Lily beetle infestations frustrating Edmonton gardeners
Scarlet lily beetle infestations appear to be on the rise in Edmonton, according to Classic Landscapes manager Perry Stothart.
He said the invasive pest started eating up lilies in Edmonton about five years ago.
“This year, by far, the explosion has been unprecedented. We are seeing people on a daily basis coming in and having a problem with the lily beetle,” Stothart said Saturday. “It’s alarming whenever you see something ravage your plants, especially since a lily is supposed to be nice and it takes it the other way.
“They are bright scarlet red. People notice them. They actually let out a little squeak when you go to grab them.”
The lily beetle originates from Europe and Asia, and made its way to Eastern Canada more than 70 years ago. It only recently came to Alberta. This beetle will rarely eat other plants.
“Normally, you will have things that can attack insect pests and as their populations rise, the predators attack them and can then bring down those populations,” Stothart said.
“But, in this case, they don’t have those natural predators, so they are sort of free reign to attack our lilies and really ravage our crops.”
Amelia Bellamy-Royds planted her lilies five years ago. This is the first year the lily beetle got to them and it’s been an ongoing battle since July.
“They were absolutely devouring the plants, eating through the leaves, eating through the petals,” Bellamy-Royds said.
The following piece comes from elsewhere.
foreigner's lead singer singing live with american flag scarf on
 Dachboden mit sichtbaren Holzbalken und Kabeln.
“[Lilies are] usually so fabulous and easy to take care for and some [of] these plants, I don’t know if they’re going to survive.”
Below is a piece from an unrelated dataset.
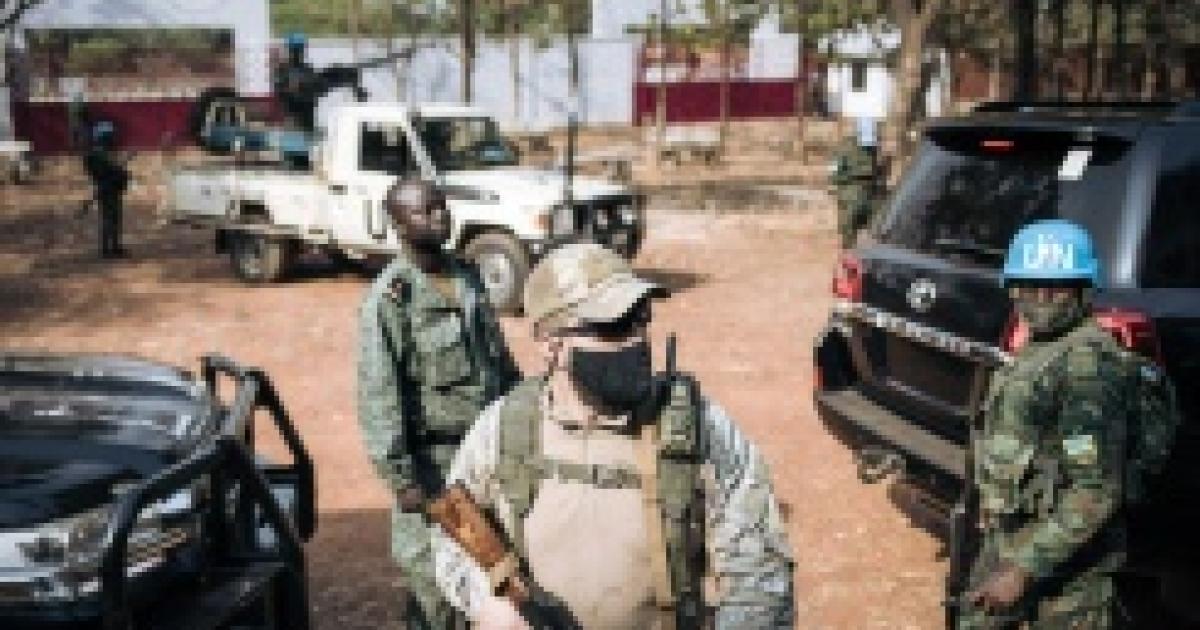 AFP/Un Casque bleu rwandais de la Minusca (d), un garde russe d'un groupe de sécurité privée (c) et un membre de la garde présidentielle centrafricaine (g) assurent la protection du président Faustin Archange Touadéra, le 27 décembre 2020 à Bangui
Once the beetle is in your garden, it will likely be back. The pest winters underground and will start to attack lilies in the spring.
Lily beetles can lay between 200 and 400 eggs per generation, and it’s hard to get rid of them. Stothart suggests starting to look at your lilies early in the season, picking off the beetles and putting them into a jar of soapy water.
Stothart said to also look under the leaves for larvae and get rid it too.
“Diatomaceous earth is great,” Stothart said. “It’s sort of a white powder you spread on the soil. Slugs, beetles, anything that crawls over it, it can really control the population as well.”